Les choses simples par lesquelles il conseille de débuter l’apprentissage sont : fonctions et valeurs pures, correspondance de modèles, somme et types de produits et comment coller les entrées-sorties (I/O) pour créer des effets secondaires. D’après William Yao, avec cela, vous avez déjà tout ce dont vous avez besoin pour écrire des programmes utiles qui résolvent des problèmes du monde réel. Avec seulement ces quelques concepts, vous avez tout ce dont vous avez besoin pour construire tout ce que vous pouvez construire en Java, ou Python, ou Ruby.

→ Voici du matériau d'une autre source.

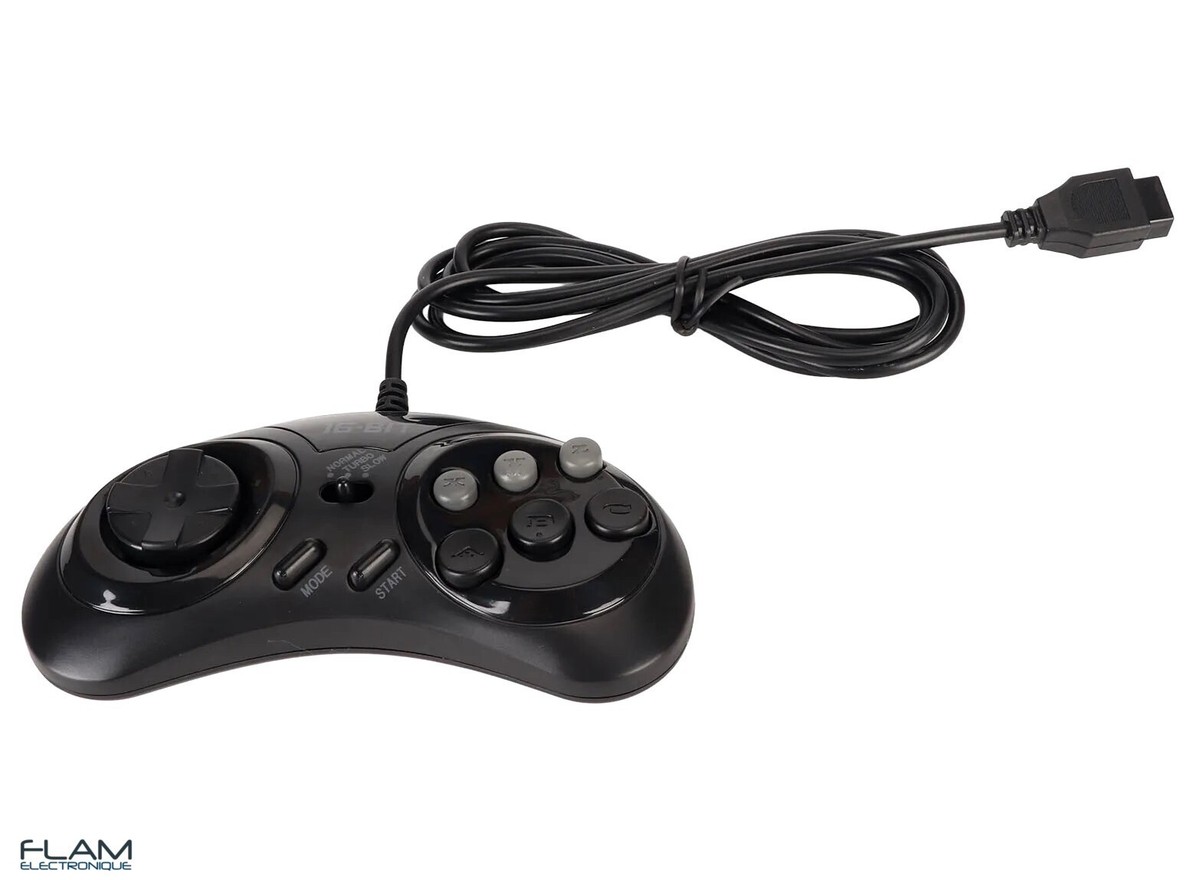 Manette AUTO FIRE TURBO Pour Sega Megadrive - Neuf - Contrôleur Avec Tir Rapide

Il a ajouté à cela certains autres concepts comme Aeson qui gère le format JSON pour la grande majorité du code Haskell, mysql-simple qui fournit un accès à la base de données, Hakyll qui est une bibliothèque Haskell pour générer des sites statiques, time qui est une bibliothèque pour gérer les dates, fournie avec le compilateur Glasgow/Glorious Haskell de GHC, etc. Selon William Yao, aucun de ces progiciels ne s'appuie sur des concepts avancés pour mettre en œuvre leurs fonctionnalités de base.
William Yao a ensuite expliqué qu’une autre chose importante à propos de Haskell est que vous pouvez passer progressivement à des outils et frameworks plus avancés, même dans le même projet. Il a aussi ajouté que la rigueur du compilateur vous sera d’une grande aide dans vos tests. D’après Yao, cela vous permet de décider, par exemple, de restreindre l'accès à la base de données à seulement certaines parties de votre base de code, permettant seulement à d'autres parties de faire des requêtes HTTP, et ainsi de suite, en utilisant des transformateurs plus simples et plus libres.

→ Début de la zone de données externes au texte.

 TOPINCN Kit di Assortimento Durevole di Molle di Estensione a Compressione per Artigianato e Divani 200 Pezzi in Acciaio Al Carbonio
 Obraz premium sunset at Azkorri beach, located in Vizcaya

Son approche consiste à prendre du recul par rapport à la solution poids lourd et voir si l’on ne peut pas résoudre les problèmes en utilisant quelque chose de plus simple, ou quelque chose que l’on comprend déjà. Néanmoins, tout le monde n’est pas d’accord avec son avis sur la question. Certains pensent plutôt que c’est un mensonge de dire que le langage Haskell est facile à apprendre. Pour eux, il est facile de bien commencer comme le dit William Yao, mais les bases ne suffisent pas pour construire des choses robustes comme il le prétend.
« Le plus gros mensonge sur Haskell, c'est qu'il est facile à apprendre. Non, ça ne l'est pas, et je l'utilise au travail », a déclaré l’un d’entre eux. Selon ces derniers, il n'est pas si difficile d'obtenir une compréhension de base jusqu'à ce que vous tombiez sur certains éléments ou des fonctionnalités habituels (qui ne sont pas indispensable), notamment Functor, Applicative, Monad, pour que les choses se compliquent.